Tiago Rodrigues estreia hoje Três Dedos Abaixo do Joelho

Ana Dias Cordeiro percorre, a partir de Três Dedos Abaixo do Joelho, o espectáculo que Tiago Rodrigues estreia hoje no Teatro Nacional D. Maria II no âmbito do Alkantara Festival, os anos de censura teatral no período do Estado Novo. Histórias que recordam um tempo em que se dizia que o teatro era perigoso.

 

Três Dedos Abaixo do Joelho, a nova peça de Tiago Rodrigues, só existe porque houve em Portugal um Secretariado Nacional de Informação que controlava tudo o que subia ao palco. “Muito cuidado com o teatro” – era o lema da censura salazarista

Face a face ou de frente para o público, uma actriz e um actor em volta de uma personagem: a censura. Interpretam texto censurado ou de censores, com ironia ou escárnio quando expõem os falsos pretextos da proibição ou dissecam os pruridos dos funcionários do Estado Novo. Entram na cabeça dos censores para dar corpo ao texto – uma colagem de excertos de relatório burocrático com obras de autores cortados, proibidos ou aprovados – os contemporâneos, e sobretudo os portugueses, eram especialmente vigiados. José Cardoso Pires, Sttau Monteiro, Bernardo Santareno.

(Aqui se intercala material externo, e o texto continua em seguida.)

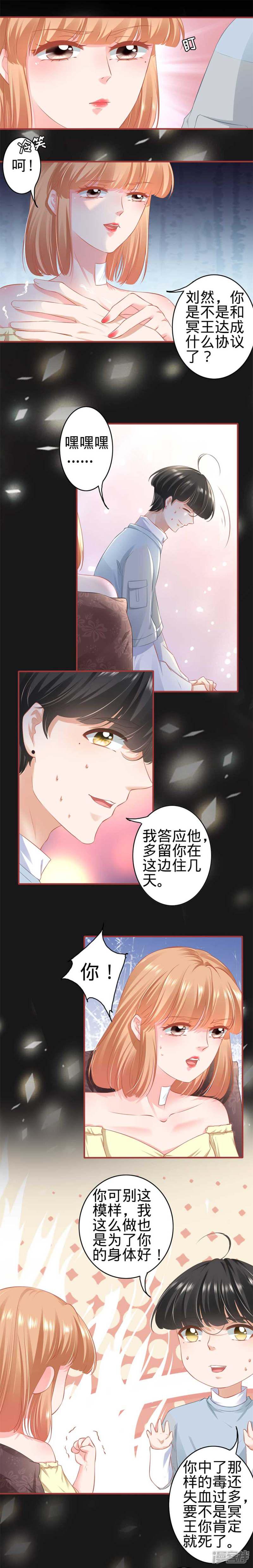 第175话-5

Ouvem-se fragmentos do Hamlet de Shakespeare, da Menina Júlia de Strindberg, do Desejo sob os Ulmeiros de Eugene O’Neill, da Andorra de Max Frisch. Pinter e Tchékhov também passam por aqui. Há frases de Aristófanes que podiam ser de censores. E há frases de censores que, fora do contexto, ganham uma dimensão lírica, porque são encenadas para esse efeito. Como no tempo da censura salazarista, em que um texto ganhava maior ou menor carga política conforme fosse encenado e interpretado.

O resultado: duas realidades em confronto que aqui se juntam, para retratar uma época – versão poética, não documental.

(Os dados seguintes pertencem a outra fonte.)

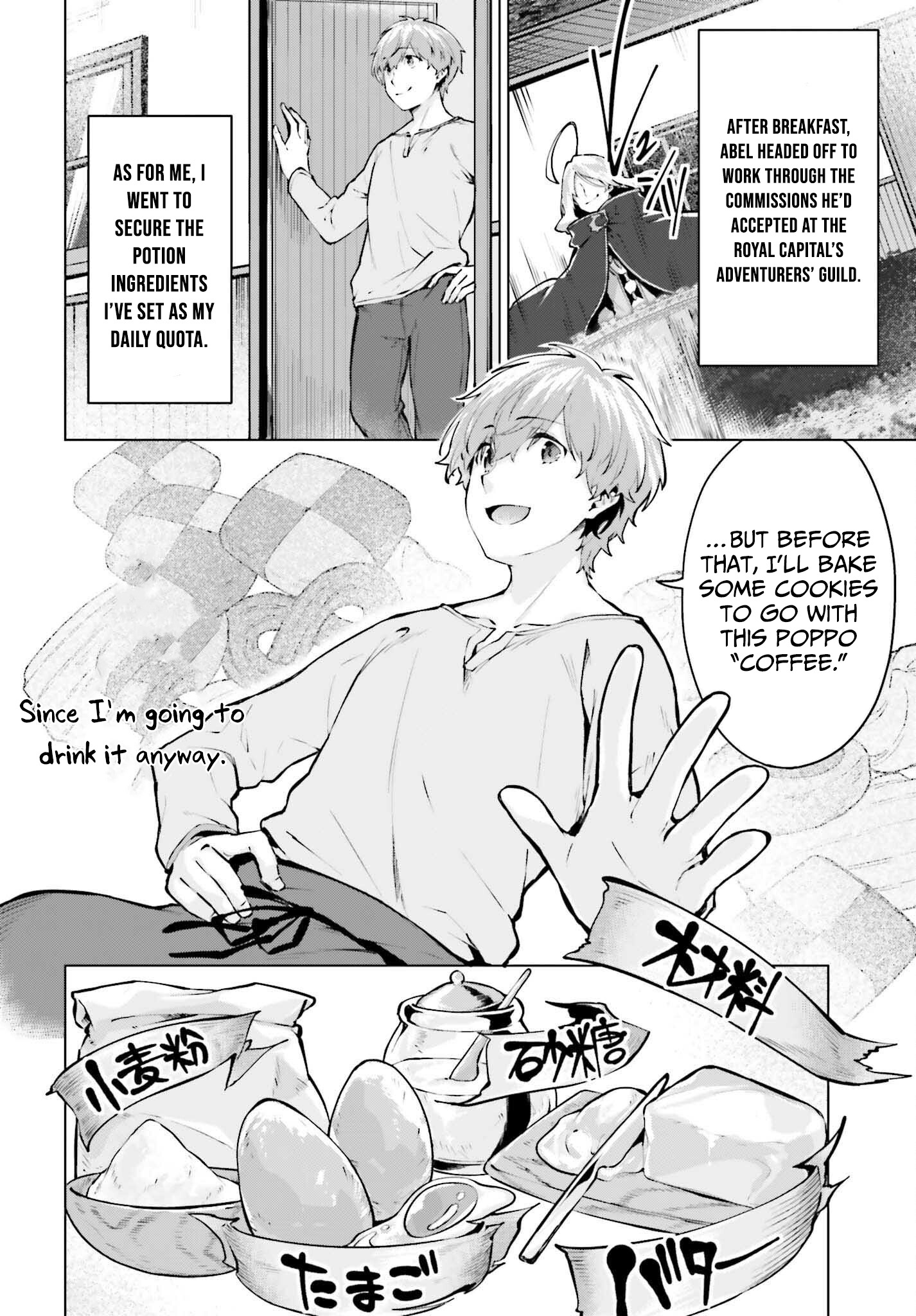 The Reincarnated Hero Starts a Slow Frontier Life – Chapter 8 – Page 11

É assim que um encenador, Tiago Rodrigues, e dois actores, Isabel Abreu e Gonçalo Waddington, recriam a partir de terça-feira para o Alkantara Festival, em Três Dedos Abaixo do Joelho (até 3 de Junho), a censura que deixou marcas numa geração inteira de actores, encenadores, directores de teatros, autores. Os que dedicaram uma vida ao teatro declamado ou de revista, passaram pelo Parque Mayer e pelo teatro nacional ou criaram (a pulso) o Teatro Independente, prenúncio de uma via revolucionária; e os que saíram do país e se inspiraram em criações estrangeiras, contribuindo mais tarde para a renovação dos palcos portugueses.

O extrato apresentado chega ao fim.